Five years ago, when a rain shower shut down the city's subway system, the New York Sun issued a memorable editorial under the headline "Sell The Subways."
That editorial recounted the subway's history of grinding to a halt, not only in a 100-year hurricane, or a day ahead of one, but nearly every time there is a heavy drizzle.
"New Yorkers have discovered that the trains can't be relied on when it rains," the Sun wrote on October 26, 2004, in "Beach's Bright Idea." In an editorial called "Sales Tax and the Subway," on March 29, 2005, the Sun opposed a tax increase for new transit projects, writing, "It strikes us that before New York's already hard-pressed taxpayers are asked to pony up for these projects, the MTA's leaders should focus on getting the existing trains to run reliably, rain or shine."
On July 29 that year, the Sun criticized the MTA's plan to use surplus funds for a platform over West side railyards, suggesting "better ways to spend the riders' money" included making it "possible for the subway to run in the rain." In a September 21, 2005 editorial calling on voters to reject the $2.9 billion Rebuild and Renew New York Transportation Bond Act of 2005, the Sun wrote, "The subways still can't run in the rain." In a December 30, 2005, editorial headlined "Contract Contrast," the Sun wrote, "a government monopoly has left us with a transit system that floods in a heavy rain."
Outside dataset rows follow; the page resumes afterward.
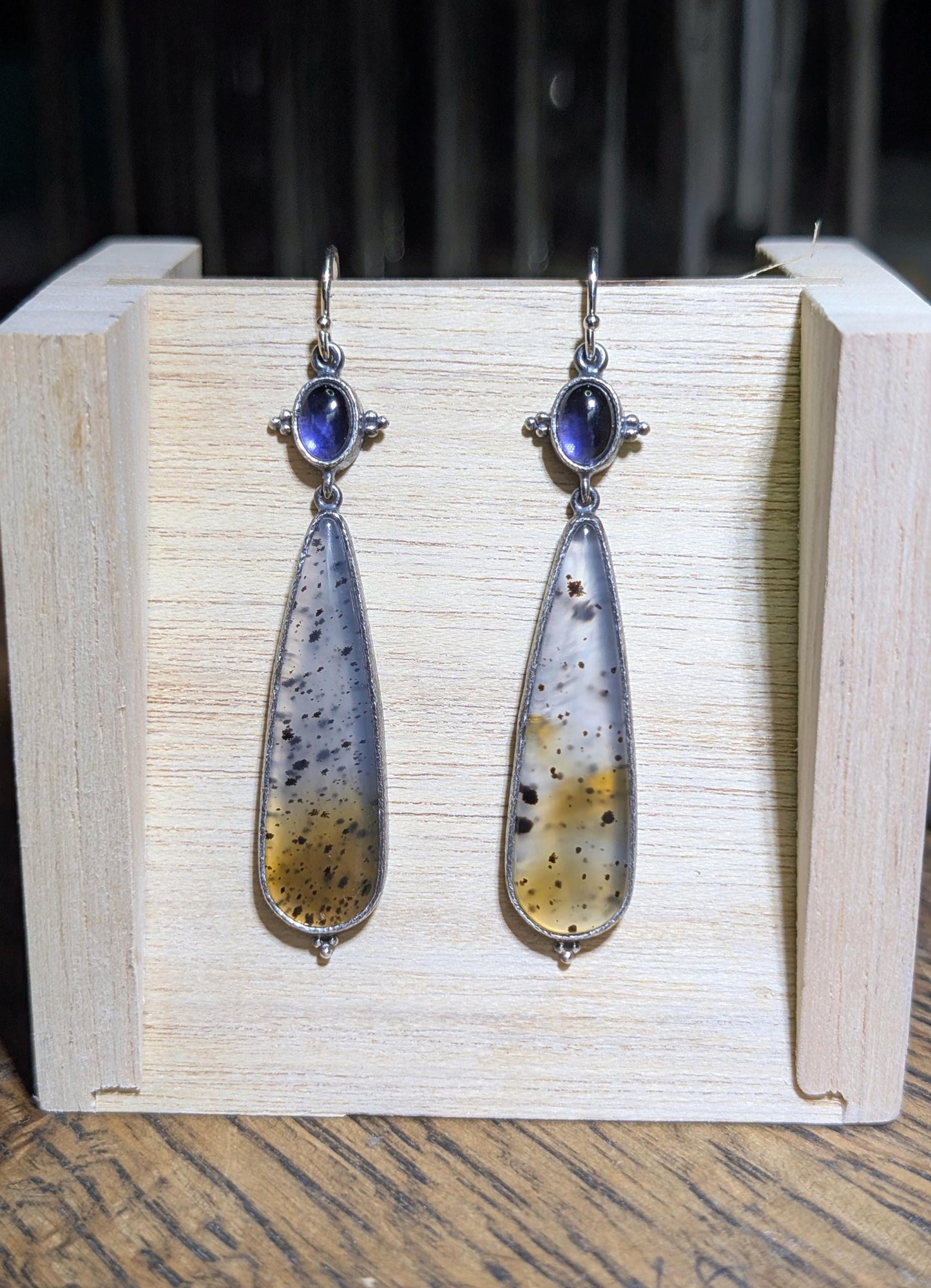 Montana Agate Earrings, Dendritic Agate Earrings,  Iolite Earrings, Sterling Silver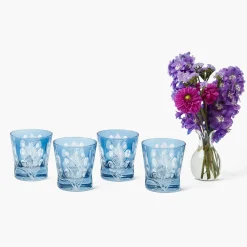 Glasses | Glassware Sets<Mrs. Alice Blue Fern Engraved Glassware (Set of 8)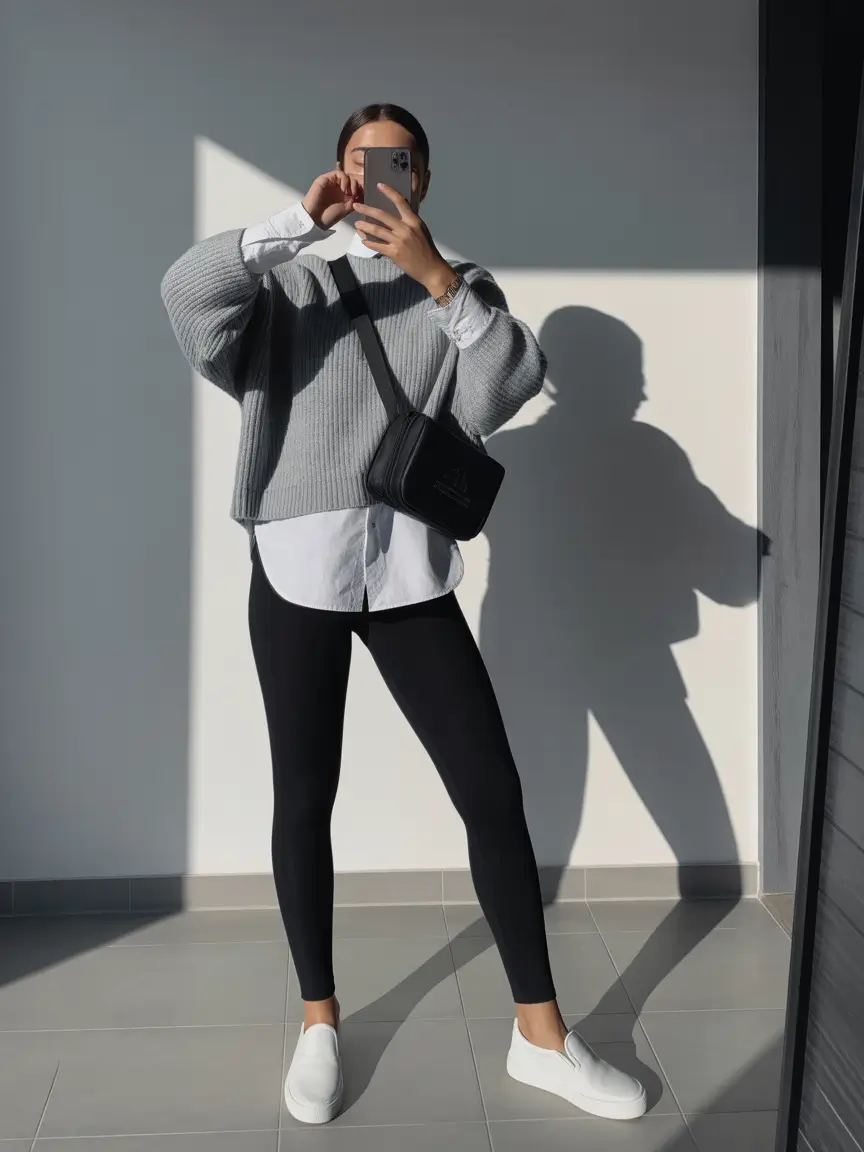 Grey knit sweater and black leggings, minimalist spring outfit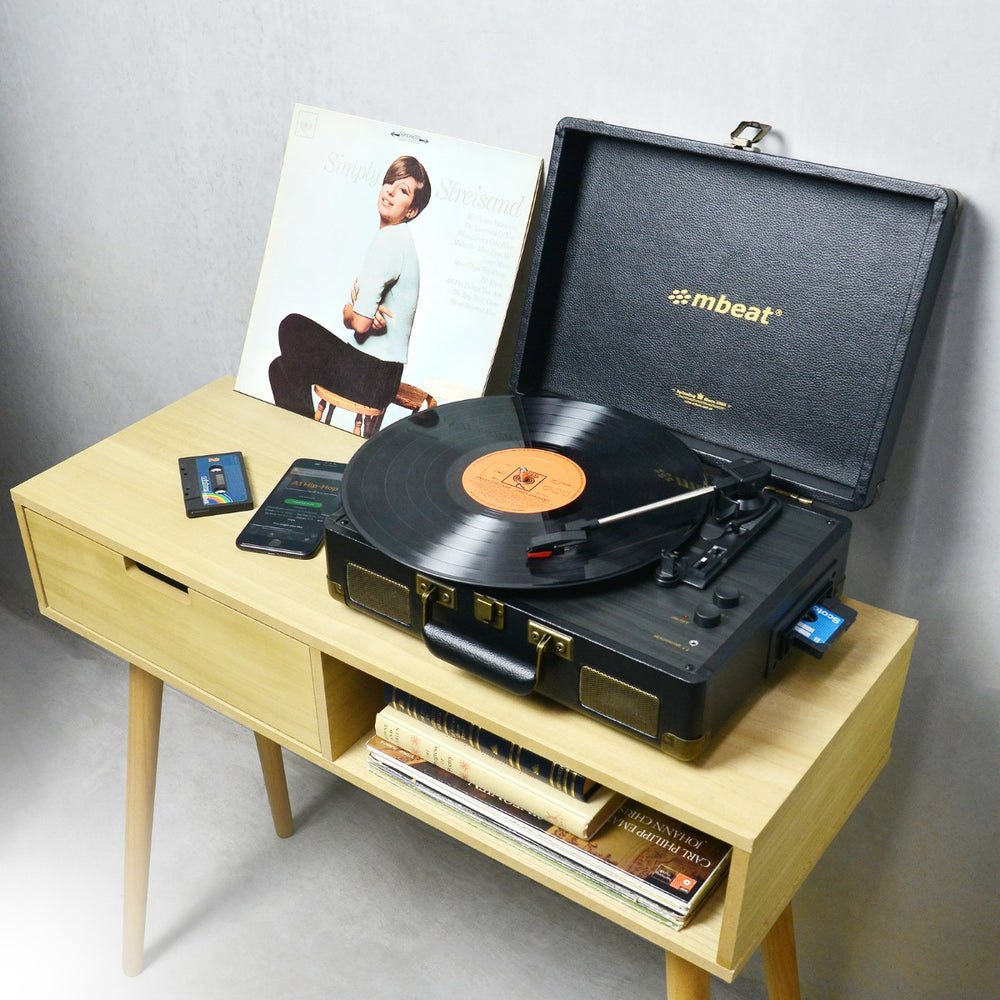 mbeat Uptown Retro Bluetooth Turntable with Cassette Player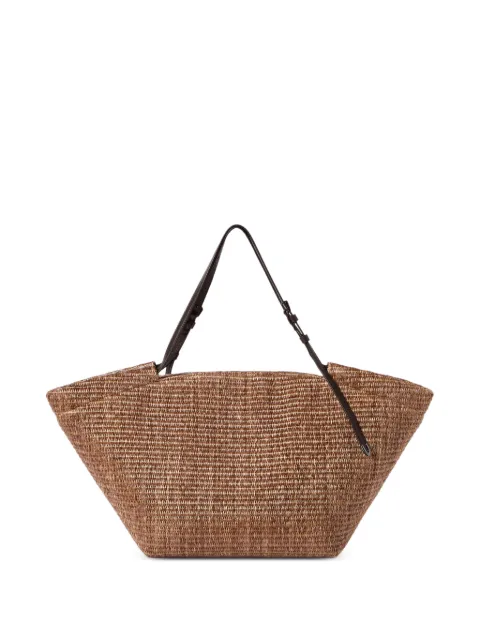 Brunello Cucinelli large pannier in techno cotton raffia Brown MBQ9D2794PC044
It's not only the editorials that have called attention to the problem. "More Rain Could Create Transit Havoc," a September 15, 2004 Sun headline warned. "Drenching Rains Force Subway Lines to Close," was the headline on September 29, 2004. "Torrential Rain Floods the Subway, Causing Power Outages and Delays," was the headline on October 13, 2005. "Downpour Causes Power Outages, Suspension of Some Train Service," was the headline on July 6, 2006.
The editorial concluded by turning to the conclusion expressed in the first editorial in the Sun, back on April 16, 2002, that it is time to think about returning the city's subways, many of which were built by private enterprise, to private ownership and operation. It said, "With private ownership, different operators could compete over whose system was the most durable to rain. With a free market in pricing, the operators who invest in better maintenance and more modern pumps to counter flooding might be able to recoup their investments by charging higher fares when the competing lines, stingier on their investments, were shut down with tracks under water."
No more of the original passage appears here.